Structural Basis of the LARP4-Filamin A Interaction and Competition with Integrin β7 Tails

Abstract

Filamin A (FLNA) is an actin cross-linking protein that connects multiple transmembrane receptors and cytosolic signaling proteins to regulate cell shape, motility, and signaling. Our previous report has shown that FLNA interacts directly with the La-related protein 4 (LARP4) and this interaction is essential for cell migration. Here, using the x-ray crystallography and protein–protein interaction studies, we investigated the molecular basis of LARP4 binding to FLNA. We described the high-resolution structure of the FLNA immunoglobulin-like repeat 21 (R21) and its complex with the LARP4 peptide. The FLNA-binding site in LARP4 is localized between Ala269 and Asn281, where it forms an extended β strand that interacts with the cleft formed by β strands C and D of FLNA R21. Consistent with this structure, the A279Cfs*2 mutation found in catalogue of somatic mutations in cancer (COSMIC) database and the experimentally introduced F277A mutation both disrupt LARP4 binding to FLNA. In contrast, the COSMIC-listed N275S mutation alters LARP4 membrane localization without affecting FLNA interaction, suggesting distinct functional outcomes.

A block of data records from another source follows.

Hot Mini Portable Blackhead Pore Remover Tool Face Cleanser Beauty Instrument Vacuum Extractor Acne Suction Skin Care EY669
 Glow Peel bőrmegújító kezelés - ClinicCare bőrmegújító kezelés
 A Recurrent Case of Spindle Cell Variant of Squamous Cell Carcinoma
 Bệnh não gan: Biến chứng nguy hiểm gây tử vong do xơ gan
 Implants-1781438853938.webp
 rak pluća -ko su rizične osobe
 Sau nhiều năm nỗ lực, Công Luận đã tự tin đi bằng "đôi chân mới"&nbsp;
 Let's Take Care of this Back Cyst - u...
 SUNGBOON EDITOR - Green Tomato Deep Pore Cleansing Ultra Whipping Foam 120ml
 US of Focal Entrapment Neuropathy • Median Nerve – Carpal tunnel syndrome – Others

Cell migration assays showed that LARP4-knockdown cells expressing FLNA-binding-deficient mutants migrated faster than those expressing wild-type LARP4. The LARP4-binding site on FLNA overlaps with the β-integrin tail-binding region, and in vitro assays revealed that LARP4 can compete with integrin β7 tails for FLNA R21 binding. These results suggest that the LARP4–FLNA interaction may regulate cell migration, at least in part, by competing with integrin tails, although this mechanism has yet to be confirmed in vivo.